カーネル(その5)
以前につまづいていた、プロセススイッチの実装がようやく完了した。
前回は、プロセスの概論についてと onix におけるプロセス生成の話を少しした。
今回は、プロセススイッチの仕組み及び onix におけるプロセスのデータ構造とプロセススイッチの実装について話をする。
尚、以下で話すプロセススイッチは、同じ特権レベル同士のプロセスにおけるそれである事を先に述べておく。
又、プログラムソースは
http://sourceforge.jp/projects/onix/
で svn リポジトリを公開している。
プロセススイッチを実現する為の手法として、TSS ディスクリプタによる far ジャンプと ret 命令の戻りアドレスを書き換える方法の2種類が存在する。onix では後者の方法によってプロセスの切替えを行っている。具体的には、割り込みサービスルーチンにおいてスタックを書き換えて iret を実行し、プロセスを切替えている。

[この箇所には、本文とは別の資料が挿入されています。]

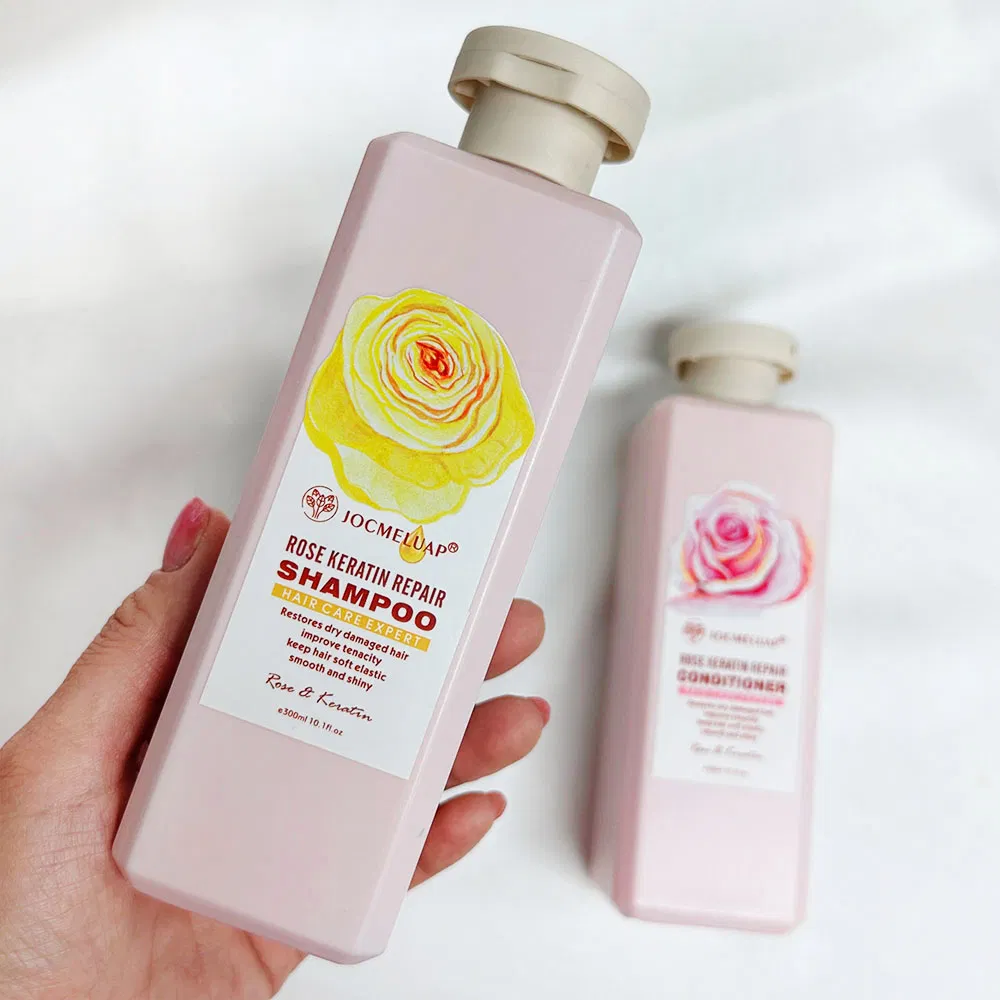 Private Label Smooth Repair Anti-Loss Organic Natural Salon Professional Argan Keratin Rose Hair Shampoo and Conditioner Set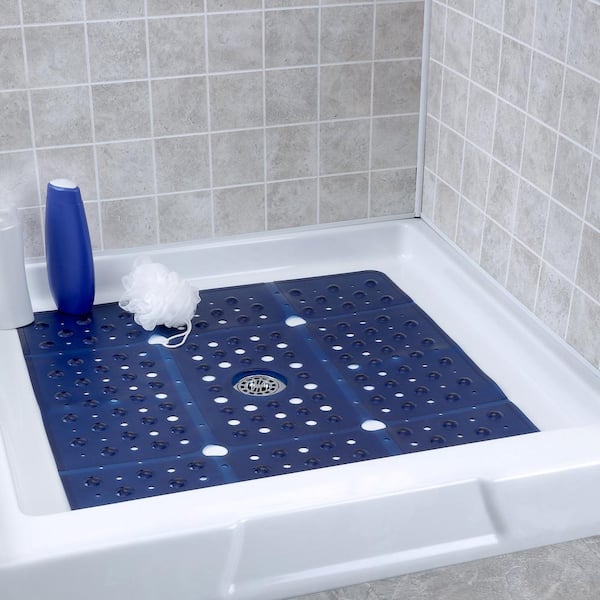 SlipX Solutions 27 in. x 27 in. Extra Large Square Shower Mat in Translucent Navy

では、プロセススイッチの全般の処理について話をする。プロセスの切り替えを円滑に行う為に、カーネルはページテーブル、プログラムカウンタ、スタックポインタ、各種汎用レジスタ、そしてフラグレジスタの内容 (以下、プロセス固有情報) を保存する。これが終了した後、カーネルは次に実行するプロセスを任意の方法で選択し、切り替えるプロセスのフラグレジスタ、コードセグメントセレクタ、プログラムカウンタをスタックに積み、プログラムカウンタ及び、各種汎用レジスタの値を切り替えるプロセスのそれらに更新し iret 命令を実行する。
しかし、同一の特権レベルのコードセグメントにジャンプする場合には、上記の処理だけでプロセスが切り替わるが、ユーザープロセスへの切り替えとなると、処理が若干ややこしくなる。これについては、次回以降に話をする。
ここまでの話は、CPU を使う上での作法のようなものなので、スケジューリング処理は違えど、プロセススイッチの方法はどのカーネルにおいてもほとんど同じである。
ほとんどの意は、先にも言ったように TSS ディスクリプタと far ジャンプを使ったプロセススイッチ処理を行う別の流派があるという事であるが、この方法によるプロセススイッチは試してないので、ここではこれ以上触れない事にする。
上記が、プロセススイッチの大まかな処理の流れである。
次に、onix におけるプロセススイッチを行う上でのプロセスのデータ構造及び、処理について見てゆく。
各プロセス固有のデータ構造を process.h にて定義した。タイマ割り込みのサービスルーチンでは、プロセススイッチを実行する際に、プロセス固有情報を process 構造体のオブジェクト (以下、プロセスディスクリプタ) に退避させている。
次に、切り替えるプロセスを決定するのだが。システムに現在どのようなプロセスがどのくらいあるのかを把握するために、カーネルはプロセスリストを持っている。通常、プロセスの状態 (アクティブ、ブロック、ゾンビなど) に応じて複数のリストをカーネルは持っているのだが、この文書を書いている時点では、開発中につき、カーネルは 1 本 のアクティブリストしか持っていない。
プロセス生成時、プロセスは所定のリストに追加登録される。そして、プロセススイッチ実行時にスケジューラは、アクティブリストから次に実行するプロセスを選択する。
ずいぶんさらっと言ったが、ここでの話は "並列処理における巧みなスケジューラを実現する" といったようなもので、学部の論文くらいは軽く書けてしまうような深いテーマである。
が。暫定 onix スケジューラはリストを回して、先頭プロセスをひたすら選択しつづけるだけである。
プロセス切り替えを行った後は、セオリー通り切り替えたプロセスのプロセス固有情報を取得し、スタックポインタを書き換え、プロセス固有情報をスタックに積み popa 命令を実行して各種レジスタを更新し、iret 命令でプロセスを切り替える。
これがこの文書を書いた時点でコミットされている onix の処理であるが、一般的な IA アーキテクチャを積んだマシンのカーネルは、ユーザープロセスなるプロセスが存在するわけであり、それを実行する場合には、セグメント間ジャンプを実行する為にセグメントセレクタもプロセス固有情報として持たせる必要がある。iret 命令を実行してプロセスの切り替えを行っているので、現在でもセグメント間ジャンプは行っているのだが、現時点での onix は同一コードセグメント及びデータセグメントのプロセスのみサポートしているので、セグメントの切り替えについては未実装である。これについては、ユーザープロセスをサポートした時にまた紹介する。
以上より、onix はマルチプロセスなカーネルになった。